What you have to do >> Please copy exactly the line containing "chemise à carreaux" and every line after it, through the last line of the records below, leaving out all pictures.
**********
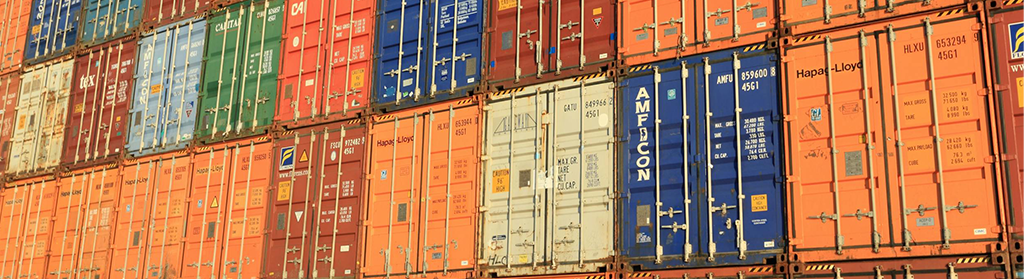 Blue White Orange and Brown Container Van<br />
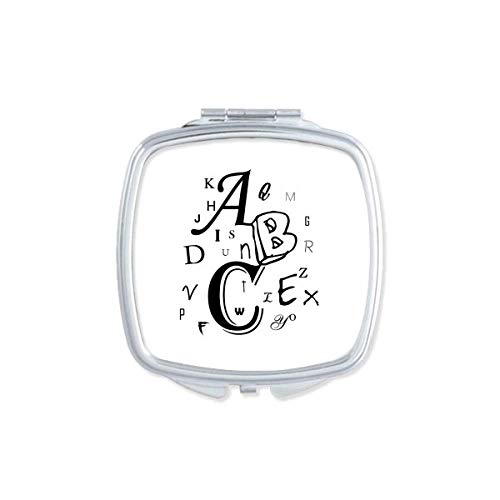 Letters English image Art Deco Gift Fashion Mirror Portable Compact Pocket Makeup Double Sided Glass image 2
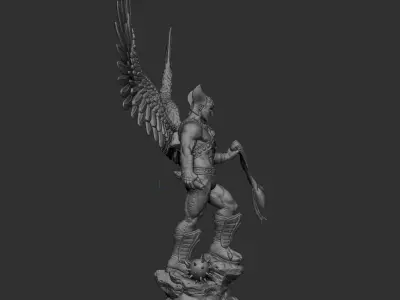 Hawkman statue of angel with wings 3D print model purchase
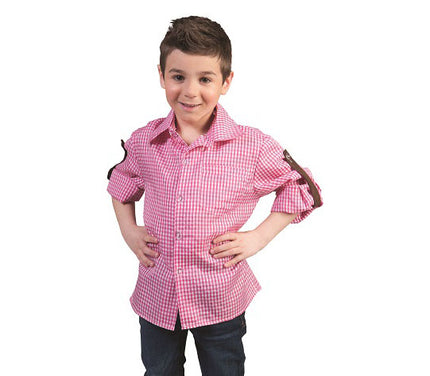 chemise à carreaux rose et blanc enfant taille 140cm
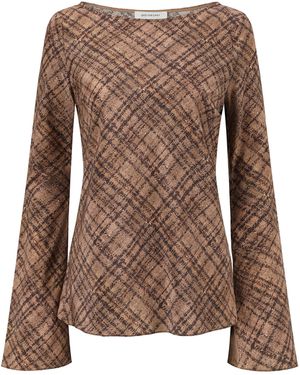Into The East Plaid Ombre Silk Top - Brown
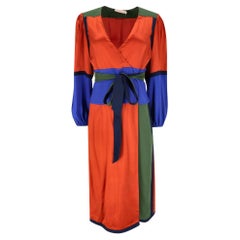 Tory Burch Colour-Block Silk Blend Crepe Wrap Dress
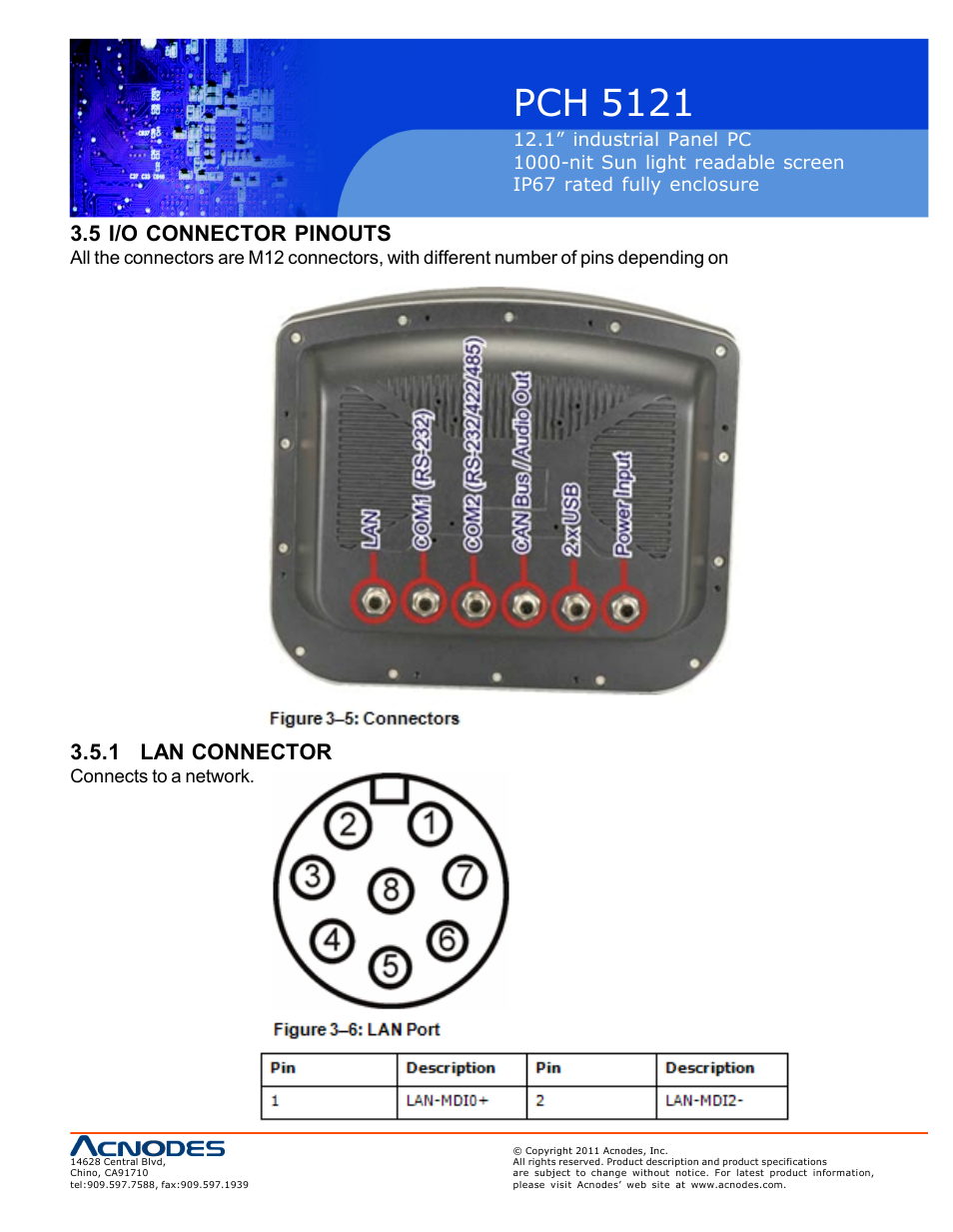 Pch 5121, 5 i/o connector pinouts, 1 lan connector | Acnodes PCH 5121 User Manual | Page 21 / 82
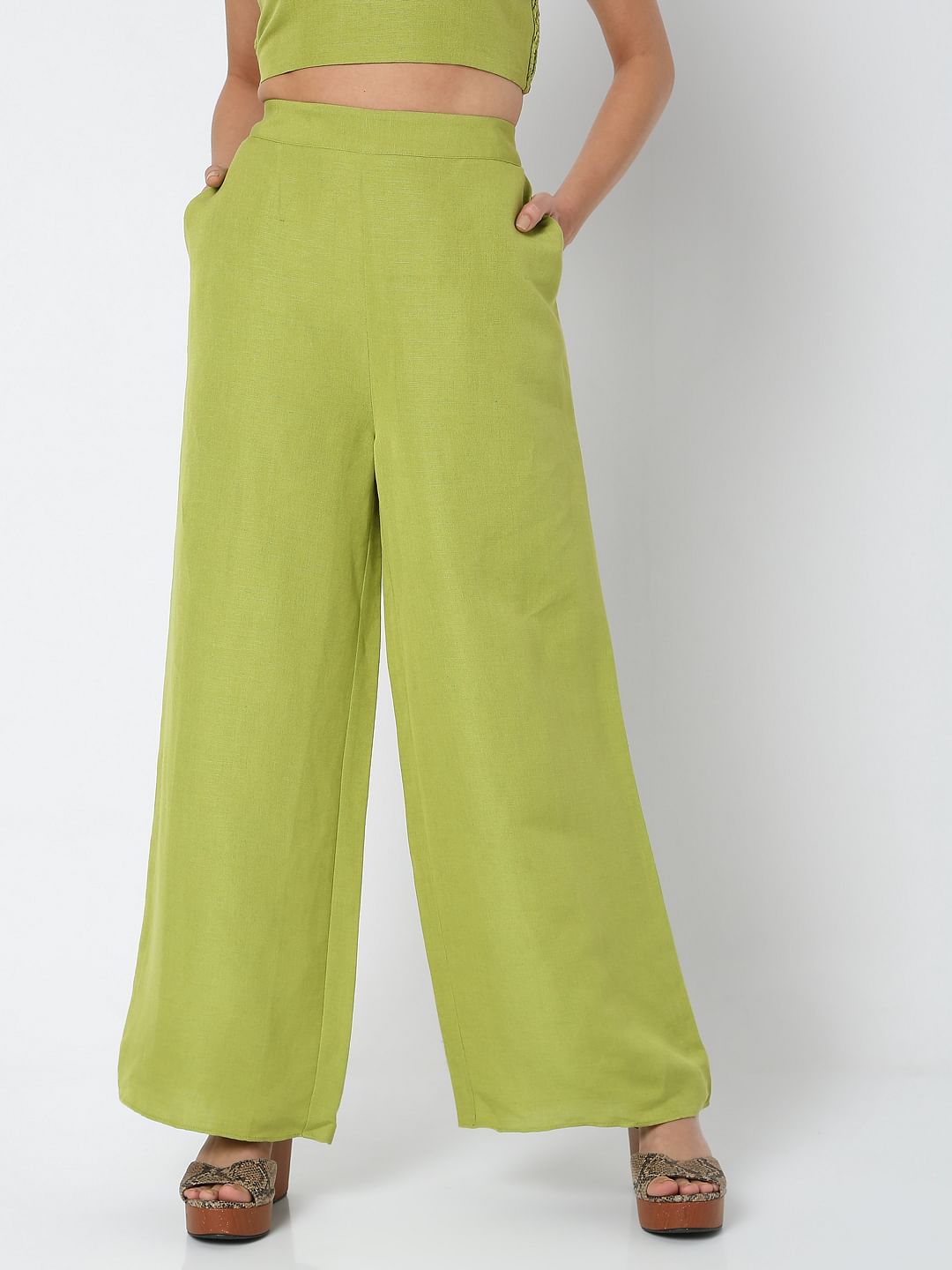 Green High Rise Wide Leg Co-Ord Pants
**********
Response >>
 chemise à carreaux rose et blanc enfant taille 140cm
Into The East Plaid Ombre Silk Top - Brown
 Tory Burch Colour-Block Silk Blend Crepe Wrap Dress
 Pch 5121, 5 i/o connector pinouts, 1 lan connector | Acnodes PCH 5121 User Manual | Page 21 / 82
 Green High Rise Wide Leg Co-Ord Pants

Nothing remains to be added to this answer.